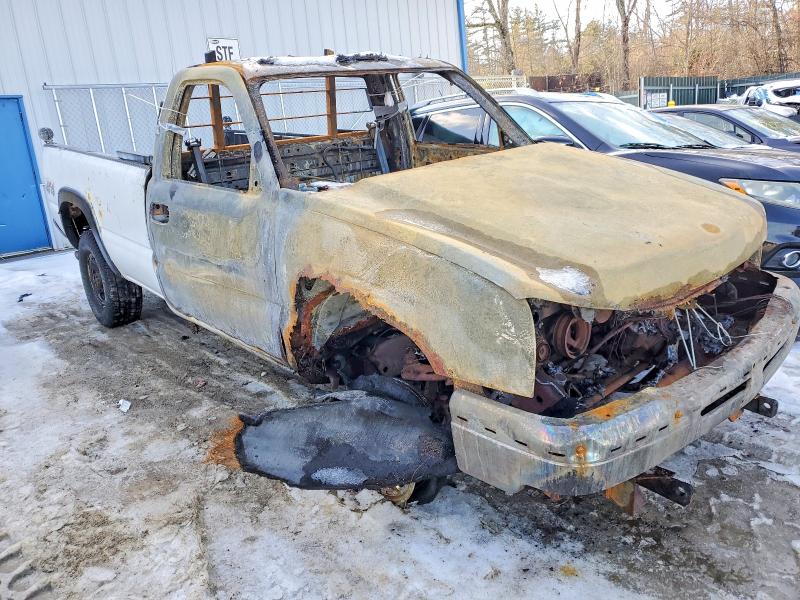 Photo 4 from auction – 2005 CHEVROLET SILVERADO with VIN 1GCHK24U05E341060
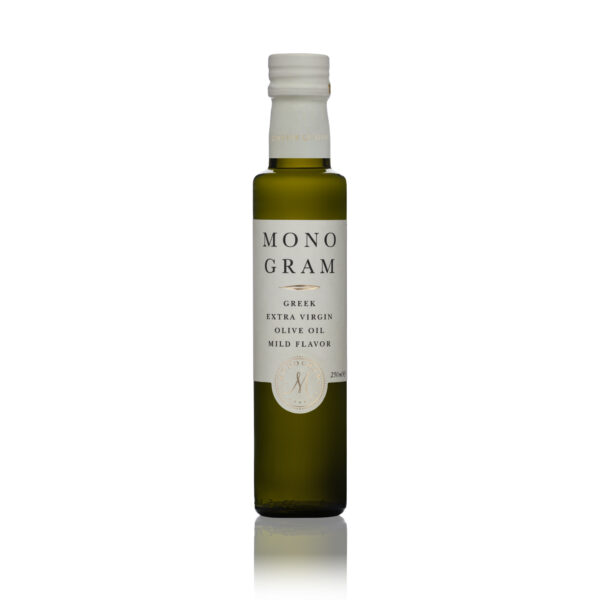 MONOGRAM Extra Virgin Olive Oil Koroneiki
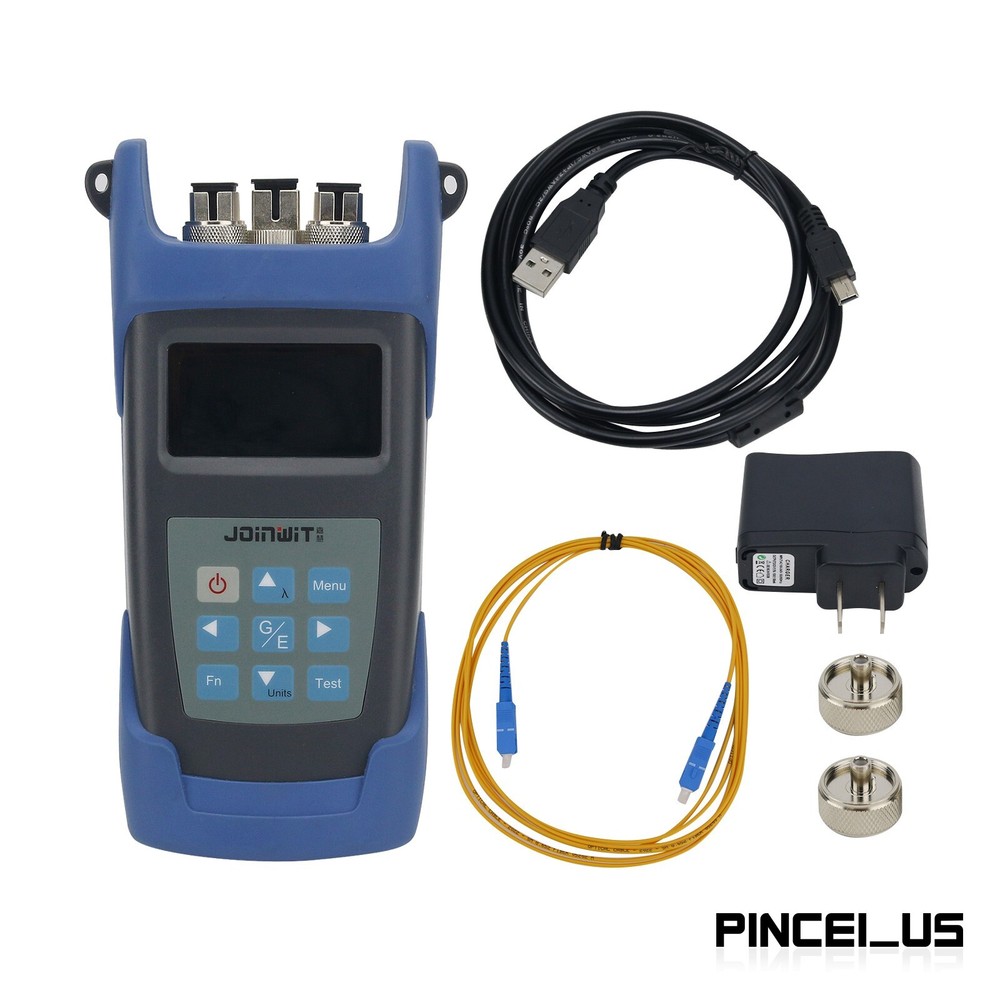 JW3318A Optical Power Meter with ONT Inventory Module & Optical Resource Module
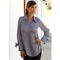 Bluse-satin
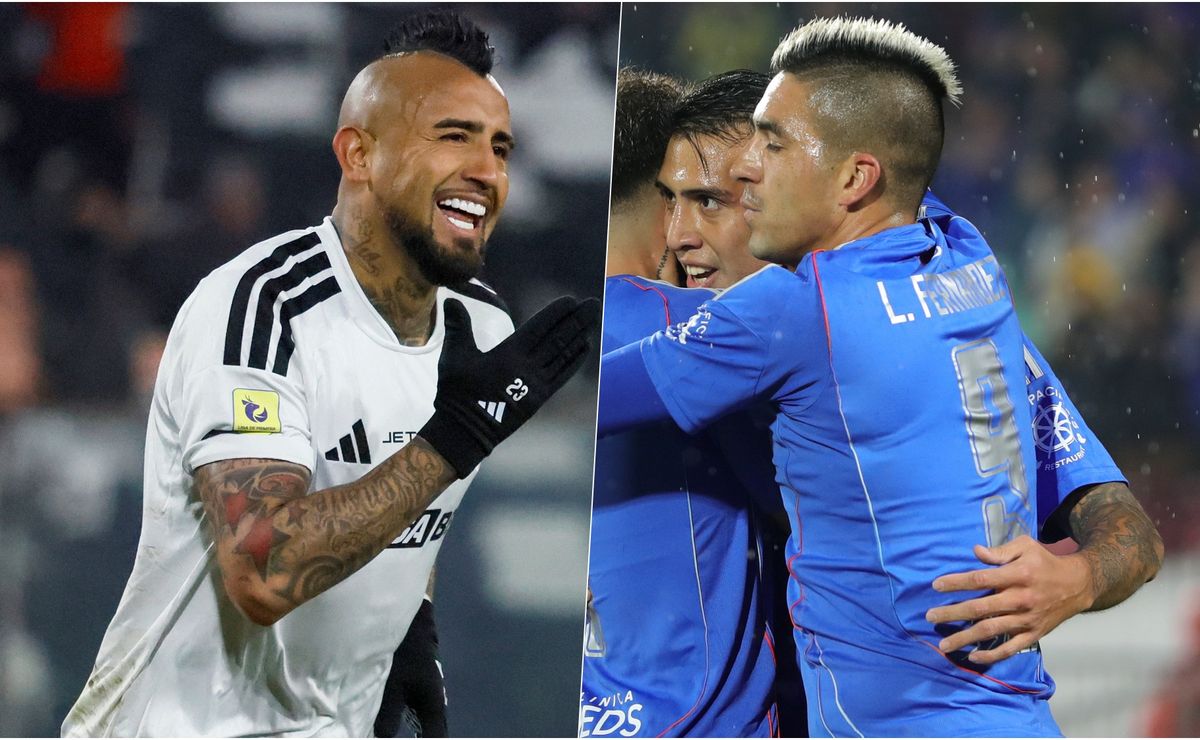 Colo Colo vs Millonarios: Contreras elogia a Vidal en encuentro de “cracks” junto a Ureña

ABOUT THIS TASK - The lines to copy run from the line containing "JW3318A Optical Power" through the end of the data above; copy exactly those, minus the pictures.

ANSWER TO THIS PROBLEM -
 JW3318A Optical Power Meter with ONT Inventory Module & Optical Resource Module
 Bluse-satin
 Colo Colo vs Millonarios: Contreras elogia a Vidal en encuentro de “cracks” junto a Ureña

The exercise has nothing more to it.